Letter from the Editor
Fall 2006: Issue 58
Brenda Miller
Ikebana is a world of encounters…
—Teshigahara Sofu, The Book of Flowers
It’s been a wild spring. One day you strip down to a t-shirt, shorts and flip-flops and wander down the sidewalks in a daze of heat-inspired delight; the next, you’re zipping the flannel lining back in your jacket and crouching through the freezing rain on your dash from the car to work. It’s a little bewildering sometimes, these abrupt changes, and they can wreak havoc on your mood if you let them. But if you go with it—if you see the mutability of the weather as a way to practice equanimity in the face of change—you start to feel a little thrill of anticipation: What next? you hum to yourself. What next?

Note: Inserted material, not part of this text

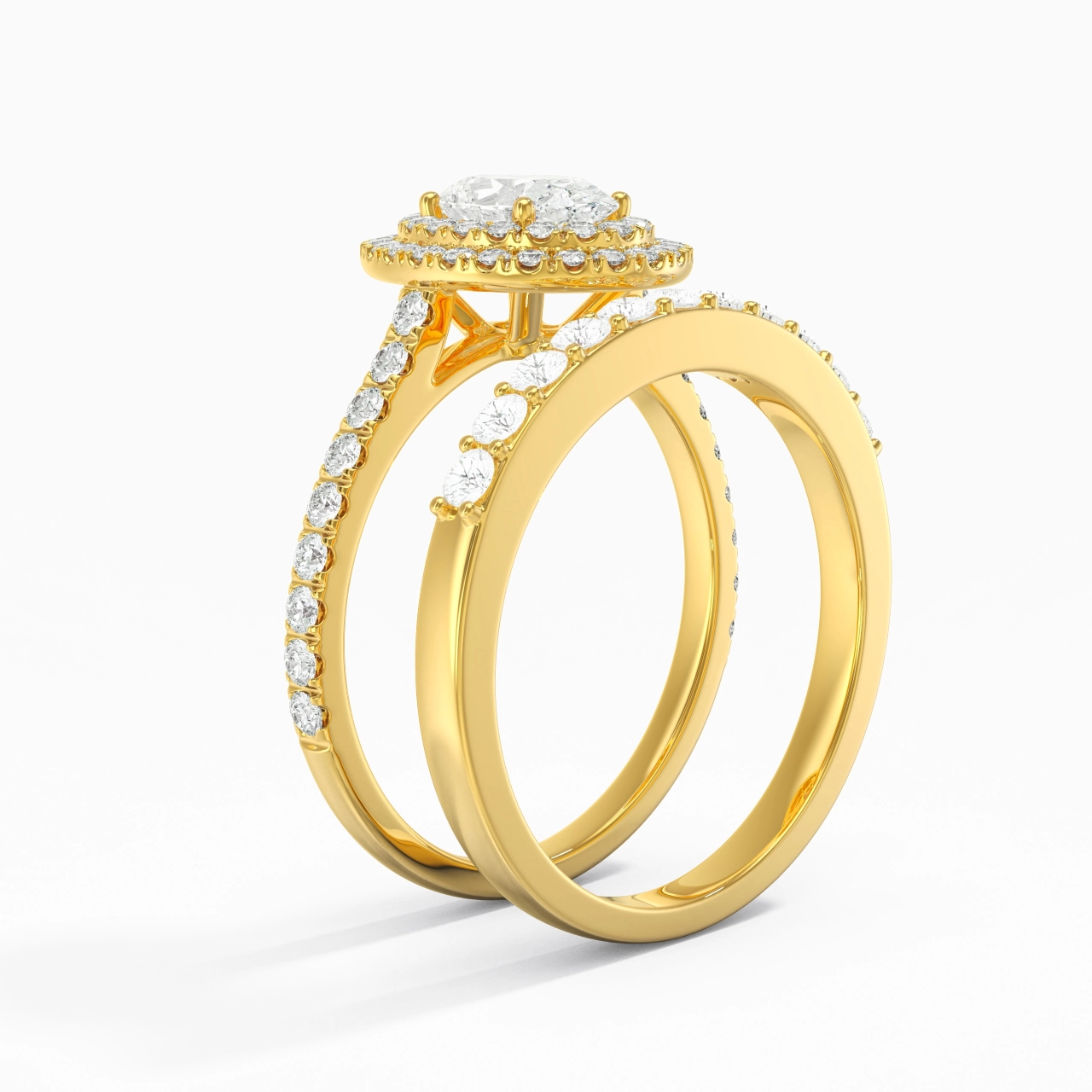 1.00ct Moissanite Wedding Ring Set 18K Gold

One of the constants in my life these past few years has been my study of the ancient art of Ikebana, a form of Japanese flower arranging. In traditional Ikebana compositions, you pay as much attention to the empty space as to the surrounding lines; it’s all about a “conversation with the flowers” as my teacher, Charles, puts it. In this art so allied with the seasons, you must train yourself to a high degree of receptivity to whatever materials present themselves, whether they be delicate flowering cherry branches, or the rough whiptails of Scottish broom. Just yesterday, we worked with the branches of the camellia bush, with its shiny heart-shaped leaves, and variegated tulips fresh from the fields of the Skagit River plain. As I created a simple, slanting composition that highlighted the unopened buds, Charles stood behind me, with his hand to his chin, in his classic posture of contemplation. I thought the arrangement was done—I was pleased with the way the blush-colored tulips echoed the incipient red of the camellia blossom—but Charles murmured, “What would happen if you clipped just one leaf off your main branch, like so.” I took the leaf he pointed out, snipped, and with that small alteration my Ikebana came alive: space opened up and the arrangement became not so much about a pleasing symmetry and closure, but a true conversation, with its meandering byways, its give-and-take, an openness to whatever might arise in the next moment, and the next, and the next.

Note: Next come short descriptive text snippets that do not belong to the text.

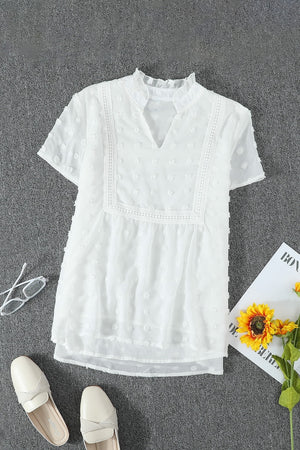 Swiss Dot Short Sleeve Top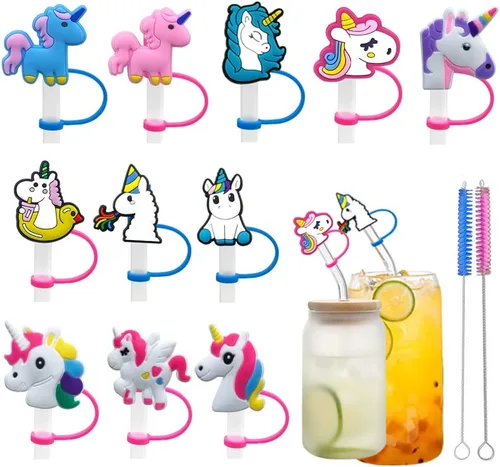 Miniatura 10 de 6 piezas de cubiertas de pajita de silicona compatibles con vasos Stanley de 30 y 40 oz, tapones de pajita de 0.39 pulg/10 mm con diseños de nubes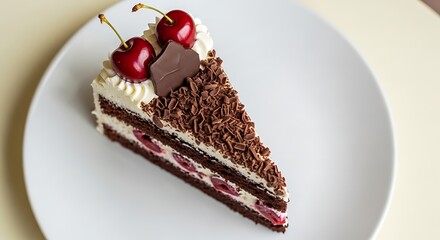 A delicious slice of Black Forest cake topped with whipped cream, chocolate shavings, and fresh cherries on a white plate.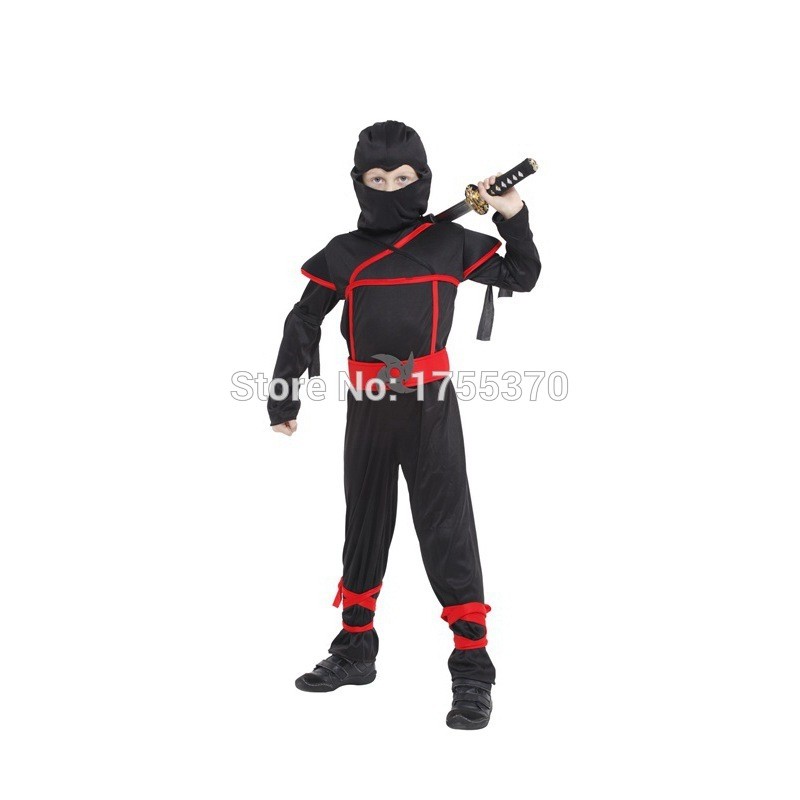 kostum KAOS ANAK NINJA HITAM GARIS MERAH/ HALLOWEEN COSTUME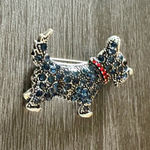 Scottish Terrier Scottie Dog Brooch Blue Photo 2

I like to think of the Bellingham Review as just such a conversation, a literary Ikebana, a “world of encounters,” as Teshigahara Sofu, one of the founders of modern-day Ikebana, puts it. And each of the pieces in this remarkable edition of the Review has that same quality of attention to the smallest detail, a pruning away of all that is unnecessary, all that might be mere ornament in the way of a greater exchange. In these pages, you may notice that many of our writers have found a locus for this conversation rooted in the body, for where else but the body do the deepest truths reside? Where else are we so keenly aware of the changes that hurtle us through the world? These writers instinctively turn to the body as a way to engage with those changes, and they do so with care, precision, and what I can only characterize as compassion for how we succeed in weathering those transformations, how we fail, and all the beautiful variations in between.
And you, dear reader: your presence is the flint that sparks this conversation again and again. May you find in these pages at least a few encounters that change you, that perhaps will sustain you a little while in all the mutable seasons to come.